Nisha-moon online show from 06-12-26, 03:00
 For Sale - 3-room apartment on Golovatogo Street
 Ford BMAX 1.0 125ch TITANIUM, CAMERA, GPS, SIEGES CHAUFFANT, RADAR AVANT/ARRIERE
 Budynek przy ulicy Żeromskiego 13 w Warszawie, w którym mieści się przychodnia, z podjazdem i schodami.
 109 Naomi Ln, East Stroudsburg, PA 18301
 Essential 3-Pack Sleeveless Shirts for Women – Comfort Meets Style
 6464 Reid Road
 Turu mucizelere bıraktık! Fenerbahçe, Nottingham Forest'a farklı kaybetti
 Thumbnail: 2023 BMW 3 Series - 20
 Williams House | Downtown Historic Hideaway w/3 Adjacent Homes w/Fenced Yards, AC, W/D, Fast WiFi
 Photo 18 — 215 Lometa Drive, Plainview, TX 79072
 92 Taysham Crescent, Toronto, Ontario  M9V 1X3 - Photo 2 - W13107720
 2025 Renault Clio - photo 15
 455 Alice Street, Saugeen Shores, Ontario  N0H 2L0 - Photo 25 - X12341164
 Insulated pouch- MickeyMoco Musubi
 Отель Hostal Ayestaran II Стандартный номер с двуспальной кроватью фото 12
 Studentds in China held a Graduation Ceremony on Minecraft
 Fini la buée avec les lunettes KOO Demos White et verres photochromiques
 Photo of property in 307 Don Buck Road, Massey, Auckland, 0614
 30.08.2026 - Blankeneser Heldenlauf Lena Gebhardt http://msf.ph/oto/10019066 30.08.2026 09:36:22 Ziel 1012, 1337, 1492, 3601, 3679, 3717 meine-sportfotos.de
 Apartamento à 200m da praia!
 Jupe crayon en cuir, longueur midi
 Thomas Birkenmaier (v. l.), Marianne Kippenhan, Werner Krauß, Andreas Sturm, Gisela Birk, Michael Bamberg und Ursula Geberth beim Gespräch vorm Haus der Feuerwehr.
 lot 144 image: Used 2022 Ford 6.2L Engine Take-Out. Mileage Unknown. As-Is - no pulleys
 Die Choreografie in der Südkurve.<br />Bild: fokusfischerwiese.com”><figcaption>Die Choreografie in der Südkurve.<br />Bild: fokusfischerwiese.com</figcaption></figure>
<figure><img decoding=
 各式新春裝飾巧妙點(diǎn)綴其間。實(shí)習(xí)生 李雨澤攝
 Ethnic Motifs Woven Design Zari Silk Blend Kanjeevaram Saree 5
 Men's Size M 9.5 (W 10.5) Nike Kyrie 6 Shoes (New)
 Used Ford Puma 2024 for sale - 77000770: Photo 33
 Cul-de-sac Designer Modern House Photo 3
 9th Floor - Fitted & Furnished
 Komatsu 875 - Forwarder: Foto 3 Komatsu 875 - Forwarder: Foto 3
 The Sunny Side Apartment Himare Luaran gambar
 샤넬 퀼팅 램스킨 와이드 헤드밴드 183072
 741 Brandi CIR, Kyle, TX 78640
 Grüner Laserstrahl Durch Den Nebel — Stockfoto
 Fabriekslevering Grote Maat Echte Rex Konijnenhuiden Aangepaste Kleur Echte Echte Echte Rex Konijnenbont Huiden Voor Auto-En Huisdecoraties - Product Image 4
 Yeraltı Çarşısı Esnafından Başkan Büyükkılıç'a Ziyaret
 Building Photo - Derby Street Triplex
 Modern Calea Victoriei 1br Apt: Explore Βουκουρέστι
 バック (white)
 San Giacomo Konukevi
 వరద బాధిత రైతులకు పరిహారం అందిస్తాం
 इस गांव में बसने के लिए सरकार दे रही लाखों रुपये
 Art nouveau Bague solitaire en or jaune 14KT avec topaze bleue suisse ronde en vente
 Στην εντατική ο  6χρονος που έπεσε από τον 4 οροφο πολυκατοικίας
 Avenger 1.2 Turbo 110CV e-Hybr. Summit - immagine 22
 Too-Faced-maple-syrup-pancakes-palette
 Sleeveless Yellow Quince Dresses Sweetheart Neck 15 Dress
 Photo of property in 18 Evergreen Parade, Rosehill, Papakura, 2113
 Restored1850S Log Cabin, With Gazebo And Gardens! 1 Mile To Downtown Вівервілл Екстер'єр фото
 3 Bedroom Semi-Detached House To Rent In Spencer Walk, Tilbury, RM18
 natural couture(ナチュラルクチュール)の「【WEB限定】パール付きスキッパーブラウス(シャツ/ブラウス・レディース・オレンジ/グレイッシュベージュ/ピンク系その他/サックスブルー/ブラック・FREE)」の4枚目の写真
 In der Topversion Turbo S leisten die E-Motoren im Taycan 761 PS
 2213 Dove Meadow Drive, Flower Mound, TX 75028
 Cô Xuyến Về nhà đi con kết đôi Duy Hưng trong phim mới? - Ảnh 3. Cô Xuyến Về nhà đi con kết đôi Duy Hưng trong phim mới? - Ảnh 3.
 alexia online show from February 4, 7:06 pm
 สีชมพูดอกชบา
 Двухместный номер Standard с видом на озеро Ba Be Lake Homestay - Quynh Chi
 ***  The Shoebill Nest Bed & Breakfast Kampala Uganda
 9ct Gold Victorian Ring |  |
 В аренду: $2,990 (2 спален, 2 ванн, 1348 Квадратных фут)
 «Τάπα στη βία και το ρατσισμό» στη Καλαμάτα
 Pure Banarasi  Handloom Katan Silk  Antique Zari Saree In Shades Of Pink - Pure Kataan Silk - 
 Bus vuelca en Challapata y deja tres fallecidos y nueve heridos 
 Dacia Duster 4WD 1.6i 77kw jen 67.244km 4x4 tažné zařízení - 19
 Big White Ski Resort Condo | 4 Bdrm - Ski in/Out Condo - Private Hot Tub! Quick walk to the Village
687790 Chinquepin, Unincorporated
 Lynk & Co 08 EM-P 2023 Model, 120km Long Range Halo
+-------+
■ What you should do
Write out the data once more, word for word.

■ Expected output
Nisha-moon online show from 06-12-26, 03:00
 For Sale - 3-room apartment on Golovatogo Street
 Ford BMAX 1.0 125ch TITANIUM, CAMERA, GPS, SIEGES CHAUFFANT, RADAR AVANT/ARRIERE
 Budynek przy ulicy Żeromskiego 13 w Warszawie, w którym mieści się przychodnia, z podjazdem i schodami.
 109 Naomi Ln, East Stroudsburg, PA 18301
 Essential 3-Pack Sleeveless Shirts for Women – Comfort Meets Style
 6464 Reid Road
 Turu mucizelere bıraktık! Fenerbahçe, Nottingham Forest'a farklı kaybetti
 Thumbnail: 2023 BMW 3 Series - 20
 Williams House | Downtown Historic Hideaway w/3 Adjacent Homes w/Fenced Yards, AC, W/D, Fast WiFi
 Photo 18 — 215 Lometa Drive, Plainview, TX 79072
 92 Taysham Crescent, Toronto, Ontario  M9V 1X3 - Photo 2 - W13107720
 2025 Renault Clio - photo 15
 455 Alice Street, Saugeen Shores, Ontario  N0H 2L0 - Photo 25 - X12341164
 Insulated pouch- MickeyMoco Musubi
 Отель Hostal Ayestaran II Стандартный номер с двуспальной кроватью фото 12
 Studentds in China held a Graduation Ceremony on Minecraft
 Fini la buée avec les lunettes KOO Demos White et verres photochromiques
 Photo of property in 307 Don Buck Road, Massey, Auckland, 0614
 30.08.2026 - Blankeneser Heldenlauf Lena Gebhardt http://msf.ph/oto/10019066 30.08.2026 09:36:22 Ziel 1012, 1337, 1492, 3601, 3679, 3717 meine-sportfotos.de
 Apartamento à 200m da praia!
 Jupe crayon en cuir, longueur midi
 Thomas Birkenmaier (v. l.), Marianne Kippenhan, Werner Krauß, Andreas Sturm, Gisela Birk, Michael Bamberg und Ursula Geberth beim Gespräch vorm Haus der Feuerwehr.
 lot 144 image: Used 2022 Ford 6.2L Engine Take-Out. Mileage Unknown. As-Is - no pulleys
 Die Choreografie in der Südkurve.<br />Bild: fokusfischerwiese.com”><figcaption>Die Choreografie in der Südkurve.<br />Bild: fokusfischerwiese.com</figcaption></figure>
<figure><img decoding=
 各式新春裝飾巧妙點(diǎn)綴其間。實(shí)習(xí)生 李雨澤攝
 Ethnic Motifs Woven Design Zari Silk Blend Kanjeevaram Saree 5
 Men's Size M 9.5 (W 10.5) Nike Kyrie 6 Shoes (New)
 Used Ford Puma 2024 for sale - 77000770: Photo 33
 Cul-de-sac Designer Modern House Photo 3
 9th Floor - Fitted & Furnished
 Komatsu 875 - Forwarder: Foto 3 Komatsu 875 - Forwarder: Foto 3
 The Sunny Side Apartment Himare Luaran gambar
 샤넬 퀼팅 램스킨 와이드 헤드밴드 183072
 741 Brandi CIR, Kyle, TX 78640
 Grüner Laserstrahl Durch Den Nebel — Stockfoto
 Fabriekslevering Grote Maat Echte Rex Konijnenhuiden Aangepaste Kleur Echte Echte Echte Rex Konijnenbont Huiden Voor Auto-En Huisdecoraties - Product Image 4
 Yeraltı Çarşısı Esnafından Başkan Büyükkılıç'a Ziyaret
 Building Photo - Derby Street Triplex
 Modern Calea Victoriei 1br Apt: Explore Βουκουρέστι
 バック (white)
 San Giacomo Konukevi
 వరద బాధిత రైతులకు పరిహారం అందిస్తాం
 इस गांव में बसने के लिए सरकार दे रही लाखों रुपये
 Art nouveau Bague solitaire en or jaune 14KT avec topaze bleue suisse ronde en vente
 Στην εντατική ο  6χρονος που έπεσε από τον 4 οροφο πολυκατοικίας
 Avenger 1.2 Turbo 110CV e-Hybr. Summit - immagine 22
 Too-Faced-maple-syrup-pancakes-palette
 Sleeveless Yellow Quince Dresses Sweetheart Neck 15 Dress
 Photo of property in 18 Evergreen Parade, Rosehill, Papakura, 2113
 Restored1850S Log Cabin, With Gazebo And Gardens! 1 Mile To Downtown Вівервілл Екстер'єр фото
 3 Bedroom Semi-Detached House To Rent In Spencer Walk, Tilbury, RM18
 natural couture(ナチュラルクチュール)の「【WEB限定】パール付きスキッパーブラウス(シャツ/ブラウス・レディース・オレンジ/グレイッシュベージュ/ピンク系その他/サックスブルー/ブラック・FREE)」の4枚目の写真
 In der Topversion Turbo S leisten die E-Motoren im Taycan 761 PS
 2213 Dove Meadow Drive, Flower Mound, TX 75028
 Cô Xuyến Về nhà đi con kết đôi Duy Hưng trong phim mới? - Ảnh 3. Cô Xuyến Về nhà đi con kết đôi Duy Hưng trong phim mới? - Ảnh 3.
 alexia online show from February 4, 7:06 pm
 สีชมพูดอกชบา
 Двухместный номер Standard с видом на озеро Ba Be Lake Homestay - Quynh Chi
 ***  The Shoebill Nest Bed & Breakfast Kampala Uganda
 9ct Gold Victorian Ring |  |
 В аренду: $2,990 (2 спален, 2 ванн, 1348 Квадратных фут)
 «Τάπα στη βία και το ρατσισμό» στη Καλαμάτα
 Pure Banarasi  Handloom Katan Silk  Antique Zari Saree In Shades Of Pink - Pure Kataan Silk - 
 Bus vuelca en Challapata y deja tres fallecidos y nueve heridos 
 Dacia Duster 4WD 1.6i 77kw jen 67.244km 4x4 tažné zařízení - 19
 Big White Ski Resort Condo | 4 Bdrm - Ski in/Out Condo - Private Hot Tub! Quick walk to the Village
687790 Chinquepin, Unincorporated
 Lynk & Co 08 EM-P 2023 Model, 120km Long Range Halo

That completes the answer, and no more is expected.